His jaw drops, and his face goes red. “You slept with that asshole?”

“I did.”

Innis stares at me. He’s a boy who’s been indulged all his life. Been spoken to sweetly by practically every girl he’s run across. He still thinks that if he brings me flowers and calls enough times, he can turn this whole thing around.

His hands form fists, and he closes his mouth and continues to stare, then parts his lips, finally able to make words. They come out as a whisper, but they’re sharp as a knife just the same. “You’re a slut.”

He turns around without saying another word, stomps out of the room, slams the door behind him. It’s not a minute before I hear the rush of footsteps, and then Mom is at my door.

“Is everything okay?”

“No.”

“Did something happen? I heard the door slam.”

“You need to give up on this,” I say. “This dream you have.”

Her mouth opens, shuts.

“He isn’t who you think he is.”

She steps closer, and her eyebrows knit together. “What did he say to you?” she asks.

“Nothing, Mom. Just leave me alone.”

“You can tell me,” she says.

“Just leave me alone,” I beg. “Please.”

I
REFUSE TO
eat dinner. I don’t want to be down there, sitting with the both of them, pretending things are okay.

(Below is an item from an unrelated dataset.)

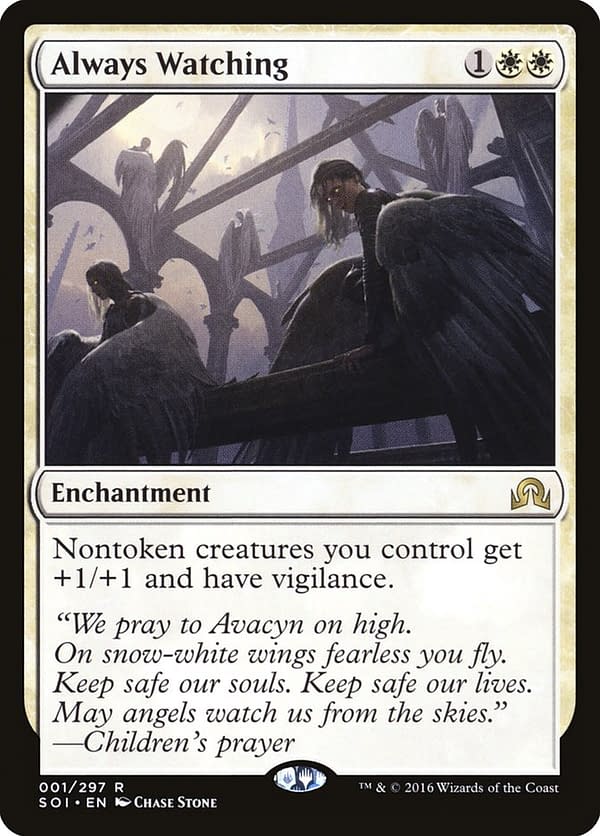 Always Watching, a card from the Shadows Over Innistrad expansion set for Magic: The Gathering.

The phone rings around eight. The house phone, not my cell, likely still sitting in my mother’s purse. Mom must feel bad about what happened earlier, because she walks up the stairs and hands it to me. “It’s MacKenzie,” she says. I take it.

“Hey.”

Mom stands there staring at me, but I shut my bedroom door so I won’t have to see her.

“You
slept
with Jason Sullivan?”

I wait for the patter of steps down the stairs before answering.